Along these dimensions, Mouffe strategically uses the term “populism” as a political-rhetorical device to construct a new political subjectivity for those who are out of power at a time when the neoliberal hegemony has fractured.

Left

Chantal Mouffe seeks to discard the left/right distinction as the basis of her discursive strategy and replace it with the distinction, as noted, of underdog and powerful. In this sense, the term “left” is no longer a cardinal term for Mouffe. It is, instead, a descriptive term, a qualifier, an adjective—one intended to capture long-standing democratic values of equality and popular sovereignty as opposed to long-standing liberal values of property and liberty understood as possessive individualism. This represents an intellectual turn for Mouffe, who writes:

When I wrote On the Political [2005] I suggested reviving the left-right frontier, but I am now convinced that, as traditionally configured, such a frontier is no longer adequate to articulate a collective will that contains the variety of democratic demands that exist today. […] Such claims—the defence of the environment, struggles against sexism, racism and other forms of domination—have become increasingly central. […] [As a result] the ‘populist’ dimension is not sufficient to specify the type of politics required by the current conjuncture. It needs to be qualified as a ‘left’ populism to indicate the values that this populism pursues. (Mouffe 2018:6)
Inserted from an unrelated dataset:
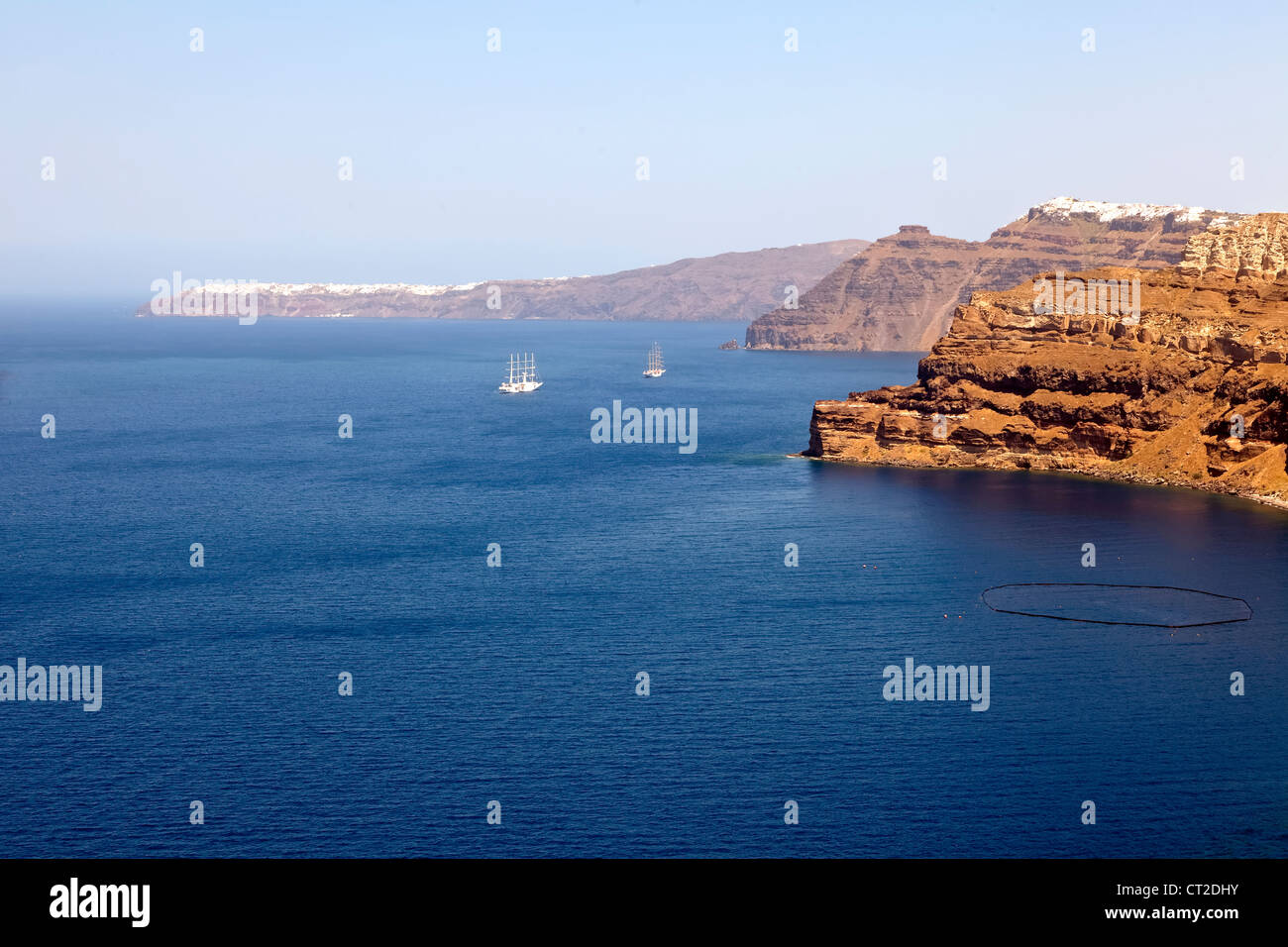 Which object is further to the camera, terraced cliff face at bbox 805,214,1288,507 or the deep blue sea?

Here too, I will highlight three dimensions of Mouffe’s use of the term “left”:

  1. Democratic: it stands in for a centuries-long struggle between liberals and democrats in the political theory sense of the terms. The contrast Mouffe draws here is between, on the one hand, the tradition of political liberalism that upholds the ideals of the rule of law, checks and balances, and individual freedom, that trace back to Locke and C.B. Macpherson’s concept of possessive individualism, and on the other hand, the tradition of democratic governance that traces to the Greek demos and produced a variety of democratic models (representative, constitutional, pluralist, etc.). (14) For Mouffe, the term “left” maps onto the latter democratic tradition. It is important to note that, for Mouffe, the competing tradition of liberalism is what led to neoliberal hegemony, the rule of the market, and the nefarious policies of privatization, austerity, and deregulation (11-13). It is also worth noting that the distinction serves to disambiguate the unitary idea of “liberal democracy” which Mouffe views as confused, paradoxical, irreconcilable, and the source of many of our problems today.
  2. Equality and Social Justice: At the core of that left/democratic tradition are the values of equality and popular sovereignty—which at times Mouffe refers to as “equality and social justice.” (6) The “central ideas” and the very “grammar” of the democratic tradition are those two values. By embracing the democratic tradition, Mouffe intends to promote these central values of equality and social justice: “The democratic logic of constructing a people and defending egalitarian practices is necessary to define a demos and to subvert the tendency of liberal discourse to abstract universalism.” (15)
  3. The People: it is by mapping the term “left” onto this democratic tradition that Mouffe intends to construct “we, the people” as opposed to the experts, the oligarchs, and those in power. When we view politics from this egalitarian democratic perspective, then we see the fundamental opposition as being between, on the one hand, those who are oppressed and claiming political relief—who are making “unsatisfied demands” (23)—from, on the other hand, those who have power and exercise it as oligarchs. The idea of “left populism” thus becomes “a discursive strategy of construction of the political frontier between ‘the people’ and ‘the oligarchy’, [that] constitutes, in the present conjuncture, the type of politics needed to recover and deepen democracy.” (5)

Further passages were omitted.